4. F2 Correlation (Backness)

Plots Student F2 against Reference F2 with a linear trend line. Deviations here highlight systematic errors in tongue advancement (e.g., tongue too far back).

5. Raw Data Table

The table provides granular data for every single recording submitted.

Column Explanation
Student The Username and ID of the speaker.
Word / Vowel The target word and its primary stressed vowel (IPA) being analyzed.
F1 / F2 (Student) The normalized first and second formants extracted from the student's recording.
F1 / F2 (Ref) The target formants from the native speaker reference model.
Dist (Bark) The perceptual distance between the student's vowel and the reference. Lower is better.
Alpha The VTLN scaling factor used.

Admin Guide

1. Critical System Operations (CLI)

Some operations are restricted to the server command line for security.

# Create a new Admin user
flask create-admin [username] [password]

# Reset a user's password (respects history)
flask reset-password [username]

# Delete any user (including admins)
flask delete-user [username]

# Bulk Reset Passwords (Teacher/Student only)
flask bulk-reset --role [student|teacher]

# Examples:
flask create-admin superuser Pass123!
flask reset-password student1
flask bulk-reset --role student

2. Web Control Panel Features

User Management

Located in the "Users" summary card. The directory lists 10 users per page.

  • Edit Role: You can promote a 'Student' to 'Teacher' or 'Admin'. It is not possible to change 'Admin' role to 'Student' or 'Teacher'.
  • Assign Student ID: Link a physical university ID to a user account.
  • Manage Invite Codes:
    • Generate: Click "Generate Code" to create a random 10-character key.
    • Distribute: Give this code to instructors for registration.
    • Delete: Remove unused codes to prevent unauthorized access. (Used codes are locked and can only be deleted alogside with a teacher they are assigned to.).
  • Delete User: WARNING: This is a destructive action. It permanently deletes the user account AND all their uploaded audio files/submissions from the disk. This cannot be undone.

Word Management

Manage the list of words.

  • Fetch / Auto-Generate: Enter a word to auto-fetch its IPA and Cambridge pronunciation audio.
  • Waveform Editor: The reference audio is visualized as a waveform.
  • Manual Correction:
    • Download: Save the current reference audio to your disk.
    • Upload: Replace it with your own custom MP3 (e.g., if the auto-generated one is poor).
  • Delete Word: Cascades to delete all student submissions for this word.

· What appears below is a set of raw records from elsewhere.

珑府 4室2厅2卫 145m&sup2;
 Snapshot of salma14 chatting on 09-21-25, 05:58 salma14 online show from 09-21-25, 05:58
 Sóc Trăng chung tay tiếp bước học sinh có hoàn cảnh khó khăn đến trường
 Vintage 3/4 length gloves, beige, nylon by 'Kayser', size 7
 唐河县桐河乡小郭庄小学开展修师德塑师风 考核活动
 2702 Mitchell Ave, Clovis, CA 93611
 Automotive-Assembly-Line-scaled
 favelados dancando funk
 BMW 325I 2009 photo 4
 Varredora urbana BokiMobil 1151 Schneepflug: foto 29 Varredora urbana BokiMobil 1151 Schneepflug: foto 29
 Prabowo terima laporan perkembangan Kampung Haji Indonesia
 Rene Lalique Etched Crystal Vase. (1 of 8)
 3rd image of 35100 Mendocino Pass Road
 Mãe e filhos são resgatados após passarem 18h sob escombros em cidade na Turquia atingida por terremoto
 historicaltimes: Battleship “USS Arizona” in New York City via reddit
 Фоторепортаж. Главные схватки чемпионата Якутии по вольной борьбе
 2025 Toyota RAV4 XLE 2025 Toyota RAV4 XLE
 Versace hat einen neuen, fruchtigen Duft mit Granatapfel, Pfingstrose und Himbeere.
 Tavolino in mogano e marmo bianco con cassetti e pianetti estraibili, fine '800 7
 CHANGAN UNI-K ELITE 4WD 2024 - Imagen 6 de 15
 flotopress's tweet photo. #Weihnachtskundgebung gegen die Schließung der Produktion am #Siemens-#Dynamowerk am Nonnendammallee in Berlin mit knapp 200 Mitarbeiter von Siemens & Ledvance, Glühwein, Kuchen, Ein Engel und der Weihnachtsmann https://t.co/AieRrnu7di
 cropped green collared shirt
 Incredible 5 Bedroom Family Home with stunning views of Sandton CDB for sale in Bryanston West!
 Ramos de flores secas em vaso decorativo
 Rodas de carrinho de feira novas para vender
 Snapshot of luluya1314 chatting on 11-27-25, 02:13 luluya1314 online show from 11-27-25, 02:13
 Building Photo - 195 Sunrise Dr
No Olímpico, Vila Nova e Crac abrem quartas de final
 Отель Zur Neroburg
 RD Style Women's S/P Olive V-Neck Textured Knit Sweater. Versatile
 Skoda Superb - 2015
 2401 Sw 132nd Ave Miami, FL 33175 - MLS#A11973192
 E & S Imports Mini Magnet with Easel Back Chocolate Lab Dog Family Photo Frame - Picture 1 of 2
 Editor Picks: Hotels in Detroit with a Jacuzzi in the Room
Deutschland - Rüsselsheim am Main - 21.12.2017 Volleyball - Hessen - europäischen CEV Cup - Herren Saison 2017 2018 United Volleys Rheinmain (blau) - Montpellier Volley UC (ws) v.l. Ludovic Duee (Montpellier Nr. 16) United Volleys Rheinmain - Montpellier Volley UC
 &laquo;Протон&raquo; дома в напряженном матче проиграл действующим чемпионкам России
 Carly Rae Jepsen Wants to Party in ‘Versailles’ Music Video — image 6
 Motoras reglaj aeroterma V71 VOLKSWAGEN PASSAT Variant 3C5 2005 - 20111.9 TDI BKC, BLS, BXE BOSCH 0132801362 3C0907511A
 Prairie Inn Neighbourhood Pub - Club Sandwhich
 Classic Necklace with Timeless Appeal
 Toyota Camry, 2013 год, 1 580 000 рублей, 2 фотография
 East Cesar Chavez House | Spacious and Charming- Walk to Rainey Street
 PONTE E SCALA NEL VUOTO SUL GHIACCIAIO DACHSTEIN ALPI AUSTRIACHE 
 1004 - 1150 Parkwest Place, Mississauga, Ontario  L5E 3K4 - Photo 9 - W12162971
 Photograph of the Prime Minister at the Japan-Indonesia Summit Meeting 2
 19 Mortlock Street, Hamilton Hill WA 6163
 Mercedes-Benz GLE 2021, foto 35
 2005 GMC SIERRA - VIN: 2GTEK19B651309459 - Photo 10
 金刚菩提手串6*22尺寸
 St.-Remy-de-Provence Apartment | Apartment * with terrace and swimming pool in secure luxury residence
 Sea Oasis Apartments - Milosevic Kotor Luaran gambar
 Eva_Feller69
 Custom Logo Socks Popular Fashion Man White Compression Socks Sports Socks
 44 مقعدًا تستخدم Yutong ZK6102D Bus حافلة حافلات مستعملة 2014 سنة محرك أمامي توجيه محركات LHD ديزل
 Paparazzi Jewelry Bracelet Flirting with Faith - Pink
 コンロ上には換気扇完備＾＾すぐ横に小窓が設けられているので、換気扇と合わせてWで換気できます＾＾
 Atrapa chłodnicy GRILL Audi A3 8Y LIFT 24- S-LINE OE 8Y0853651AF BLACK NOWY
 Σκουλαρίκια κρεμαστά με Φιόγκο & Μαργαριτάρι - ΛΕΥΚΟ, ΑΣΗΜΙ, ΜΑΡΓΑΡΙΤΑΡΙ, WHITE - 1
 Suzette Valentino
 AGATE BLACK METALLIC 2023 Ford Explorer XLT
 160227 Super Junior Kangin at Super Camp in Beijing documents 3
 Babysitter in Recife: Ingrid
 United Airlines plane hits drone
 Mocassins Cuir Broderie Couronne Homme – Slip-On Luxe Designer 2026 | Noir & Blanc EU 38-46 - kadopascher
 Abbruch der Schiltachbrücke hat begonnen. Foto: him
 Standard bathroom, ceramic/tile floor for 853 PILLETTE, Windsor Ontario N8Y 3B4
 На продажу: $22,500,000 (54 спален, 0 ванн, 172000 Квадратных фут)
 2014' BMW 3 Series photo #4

System Configuration & Health

Control global application settings via toggle switches.

  • Maintenance Mode: When enabled (), only Admins can access the site. All other users are blocked. Use for updates.
  • Registration Open: Toggle OFF () to strictly block new account creation.
  • Enable Logging: When enabled, the client application sends detailed usage logs to the server. Useful for debugging specific user issues.
  • System Logs: Button to download the full server-side log file (`pronounce.log`).
Health Metrics (Footer)
  • DB Size: Current size of the database (Storage usage).
  • CPU Load: Real-time server processor usage percentage.

Glossary of Scientific Terms

Formants (F1 & F2)

Resonant frequencies of the vocal tract that determine vowel quality.

F1 (First Formant): Correlates with jaw opening. Higher F1 = Lower jaw (e.g., "aa" in 'cat').
F2 (Second Formant): Correlates with tongue advancement. Higher F2 = Tongue forward (e.g., "iy" in 'seed').

Bark Scale

A frequency scale that matches how the human ear perceives pitch. Unlike Hertz (Hz) which is linear, the Bark scale is logarithmic, making it better for measuring perceptual differences in speech.

VTLN (Alpha)

Vocal Tract Length Normalization. Men, women, and children have different vocal tract lengths, which shifts their formant frequencies.

Comparison logic uses an "Alpha" factor to mathematically scale a student's voice to match the reference speaker model, allowing for accurate grading regardless of the speaker's age or gender.

Euclidean Distance

The straight-line distance between two points. In this app, it measures the "error" between your vowel pronunciation and the target vowel in the F1-F2 space.

Low Distance (< 1.5): Excellent match.
High Distance (> 3.0): Significant deviation.